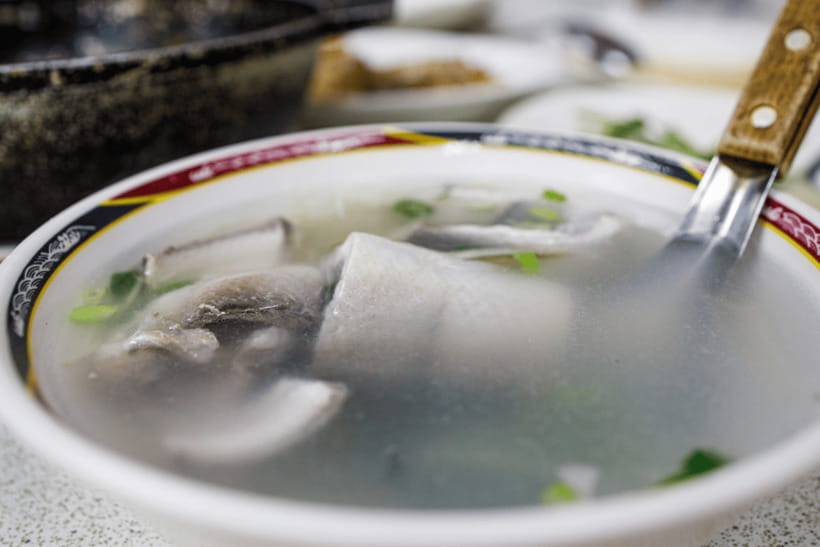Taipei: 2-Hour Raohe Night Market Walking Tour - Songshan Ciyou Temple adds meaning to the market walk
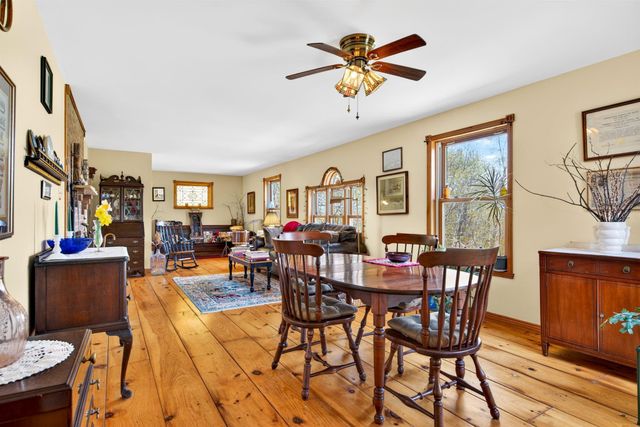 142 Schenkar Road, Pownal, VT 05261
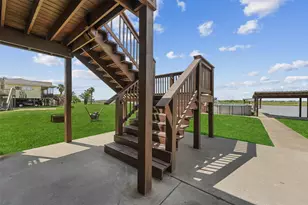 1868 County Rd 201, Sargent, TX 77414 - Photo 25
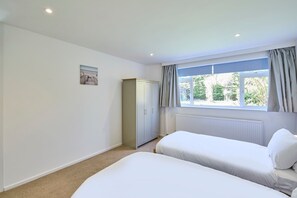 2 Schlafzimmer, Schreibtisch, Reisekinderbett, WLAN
+--
**What the task requires:** Return the listing above unaltered, omitting its pictures.

**Answer to this task:**
Taipei: 2-Hour Raohe Night Market Walking Tour - Songshan Ciyou Temple adds meaning to the market walk
 142 Schenkar Road, Pownal, VT 05261
 1868 County Rd 201, Sargent, TX 77414 - Photo 25
 2 Schlafzimmer, Schreibtisch, Reisekinderbett, WLAN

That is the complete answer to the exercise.